Je me suis lancé il y a maintenant 5 ans et je n’ai quasiment travaillé que pour NRJ car j’ai eu la chance d’être embauché directement à la fin de mes études à l’ISCPA Paris.

J’ai commencé dans une petite antenne locale, à Cherbourg, avant d’être muté un an plus tard à Grenoble, ma ville d’origine. Finalement en août 2014, j’ai eu une nouvelle promotion et je travaille depuis sur l’antenne nationale à Paris.

A côté de la radio, j’ai aussi été pigiste pour un site spécialisé dans la santé et je suis actuellement en discussion pour devenir enseignant en journalisme.

♦ Avant, tu étais journaliste sur l’antenne grenobloise.
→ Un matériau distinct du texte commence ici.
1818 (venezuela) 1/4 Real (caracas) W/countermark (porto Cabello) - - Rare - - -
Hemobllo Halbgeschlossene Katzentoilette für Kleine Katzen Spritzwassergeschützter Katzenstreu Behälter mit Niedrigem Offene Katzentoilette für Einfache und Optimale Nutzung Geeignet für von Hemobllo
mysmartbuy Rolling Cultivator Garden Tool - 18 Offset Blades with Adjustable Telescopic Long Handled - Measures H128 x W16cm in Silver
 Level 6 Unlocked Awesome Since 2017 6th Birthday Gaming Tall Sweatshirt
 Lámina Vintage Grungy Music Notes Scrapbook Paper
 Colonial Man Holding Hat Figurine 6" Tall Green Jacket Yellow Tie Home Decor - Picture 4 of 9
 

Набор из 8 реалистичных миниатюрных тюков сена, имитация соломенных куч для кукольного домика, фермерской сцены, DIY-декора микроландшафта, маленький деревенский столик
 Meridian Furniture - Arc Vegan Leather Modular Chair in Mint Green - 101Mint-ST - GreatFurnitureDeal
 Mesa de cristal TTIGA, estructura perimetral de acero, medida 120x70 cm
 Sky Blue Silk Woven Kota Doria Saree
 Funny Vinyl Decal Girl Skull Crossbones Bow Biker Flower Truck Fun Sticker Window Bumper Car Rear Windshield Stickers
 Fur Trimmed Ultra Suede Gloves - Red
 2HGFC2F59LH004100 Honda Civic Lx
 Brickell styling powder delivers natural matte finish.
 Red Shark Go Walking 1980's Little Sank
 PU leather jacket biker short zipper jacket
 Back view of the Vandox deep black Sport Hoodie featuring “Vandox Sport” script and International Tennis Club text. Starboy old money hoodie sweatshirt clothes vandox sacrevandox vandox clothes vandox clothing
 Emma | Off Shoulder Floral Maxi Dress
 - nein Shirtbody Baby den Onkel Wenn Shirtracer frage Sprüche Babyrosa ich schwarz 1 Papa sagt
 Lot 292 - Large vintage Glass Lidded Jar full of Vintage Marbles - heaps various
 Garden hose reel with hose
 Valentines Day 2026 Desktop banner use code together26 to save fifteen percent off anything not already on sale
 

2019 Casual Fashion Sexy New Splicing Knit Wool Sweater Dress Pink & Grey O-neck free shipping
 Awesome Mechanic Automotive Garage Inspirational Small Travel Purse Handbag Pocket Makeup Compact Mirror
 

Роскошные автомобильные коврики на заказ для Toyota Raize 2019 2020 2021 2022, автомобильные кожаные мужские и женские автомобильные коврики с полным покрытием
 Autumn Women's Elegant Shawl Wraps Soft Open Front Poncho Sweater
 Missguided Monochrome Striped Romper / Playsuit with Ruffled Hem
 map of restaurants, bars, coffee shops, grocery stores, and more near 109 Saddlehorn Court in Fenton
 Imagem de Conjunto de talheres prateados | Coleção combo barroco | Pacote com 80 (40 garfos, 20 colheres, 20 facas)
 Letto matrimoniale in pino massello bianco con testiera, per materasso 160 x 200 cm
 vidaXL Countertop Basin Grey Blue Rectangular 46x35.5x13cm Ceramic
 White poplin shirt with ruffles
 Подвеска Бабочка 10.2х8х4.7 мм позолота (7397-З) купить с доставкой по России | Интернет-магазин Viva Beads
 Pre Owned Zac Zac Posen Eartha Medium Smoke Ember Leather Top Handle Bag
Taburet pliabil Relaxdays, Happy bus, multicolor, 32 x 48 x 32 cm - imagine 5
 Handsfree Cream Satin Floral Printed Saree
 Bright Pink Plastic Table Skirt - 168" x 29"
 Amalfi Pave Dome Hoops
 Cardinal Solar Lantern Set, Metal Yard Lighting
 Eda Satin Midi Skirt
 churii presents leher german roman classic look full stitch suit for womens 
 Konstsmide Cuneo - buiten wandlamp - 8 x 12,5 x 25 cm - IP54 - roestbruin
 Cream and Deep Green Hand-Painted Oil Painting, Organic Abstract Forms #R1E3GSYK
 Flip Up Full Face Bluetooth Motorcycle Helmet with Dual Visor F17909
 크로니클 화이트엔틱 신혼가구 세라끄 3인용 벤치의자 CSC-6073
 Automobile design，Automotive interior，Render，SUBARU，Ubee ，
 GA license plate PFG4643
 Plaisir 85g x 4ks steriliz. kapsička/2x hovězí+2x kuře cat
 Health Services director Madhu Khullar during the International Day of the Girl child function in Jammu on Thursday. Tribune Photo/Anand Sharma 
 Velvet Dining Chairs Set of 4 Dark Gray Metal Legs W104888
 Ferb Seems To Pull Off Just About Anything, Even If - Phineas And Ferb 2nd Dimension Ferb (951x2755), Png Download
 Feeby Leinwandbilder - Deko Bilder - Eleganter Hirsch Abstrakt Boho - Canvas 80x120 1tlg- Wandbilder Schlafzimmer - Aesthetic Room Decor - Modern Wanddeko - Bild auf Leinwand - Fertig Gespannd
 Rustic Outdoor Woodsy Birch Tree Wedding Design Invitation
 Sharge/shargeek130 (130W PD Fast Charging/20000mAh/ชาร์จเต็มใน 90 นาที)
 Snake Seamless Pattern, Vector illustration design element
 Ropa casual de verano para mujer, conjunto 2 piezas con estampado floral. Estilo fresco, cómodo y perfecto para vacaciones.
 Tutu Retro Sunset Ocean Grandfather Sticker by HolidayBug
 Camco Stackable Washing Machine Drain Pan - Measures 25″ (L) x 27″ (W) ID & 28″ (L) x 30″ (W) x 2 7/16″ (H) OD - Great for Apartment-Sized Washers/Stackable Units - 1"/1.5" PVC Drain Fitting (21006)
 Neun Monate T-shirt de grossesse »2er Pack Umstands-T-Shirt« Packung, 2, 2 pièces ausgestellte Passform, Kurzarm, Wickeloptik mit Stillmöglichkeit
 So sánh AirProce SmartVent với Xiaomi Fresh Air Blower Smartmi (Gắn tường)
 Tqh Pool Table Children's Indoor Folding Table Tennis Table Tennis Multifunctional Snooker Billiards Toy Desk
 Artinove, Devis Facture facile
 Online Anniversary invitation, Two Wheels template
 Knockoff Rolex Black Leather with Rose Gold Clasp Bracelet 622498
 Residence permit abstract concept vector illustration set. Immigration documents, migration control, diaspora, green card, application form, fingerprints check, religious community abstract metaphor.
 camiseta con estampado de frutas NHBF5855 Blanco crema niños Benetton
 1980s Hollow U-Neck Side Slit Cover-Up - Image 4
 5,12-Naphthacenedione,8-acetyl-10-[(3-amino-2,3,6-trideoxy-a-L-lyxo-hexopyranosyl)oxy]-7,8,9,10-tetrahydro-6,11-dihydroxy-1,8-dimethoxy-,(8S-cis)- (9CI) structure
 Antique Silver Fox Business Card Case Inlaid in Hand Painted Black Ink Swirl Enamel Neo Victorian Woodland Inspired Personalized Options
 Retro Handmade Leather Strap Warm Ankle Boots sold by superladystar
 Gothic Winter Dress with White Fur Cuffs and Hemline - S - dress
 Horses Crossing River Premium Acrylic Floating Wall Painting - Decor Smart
Qu’est-ce que ça change de travailler chez NRJ à Paris ?

Beaucoup de choses ! Sur le papier, je dois accomplir les mêmes missions mais tout est radicalement différent.

Le journaliste « natio » est celui qui interview les stars que les auditeurs découvrent à l’antenne. Et c’est tout un exercice entre les rendez-vous à caler, les heures d’attentes le jour J, la pression des attachés de presse et/ou managers, les interviews qui durent 3 minutes au lieu des 15 convenues en amont.

La patience est la qualité principale d’un journaliste et ça se vérifie encore plus dans ce contexte.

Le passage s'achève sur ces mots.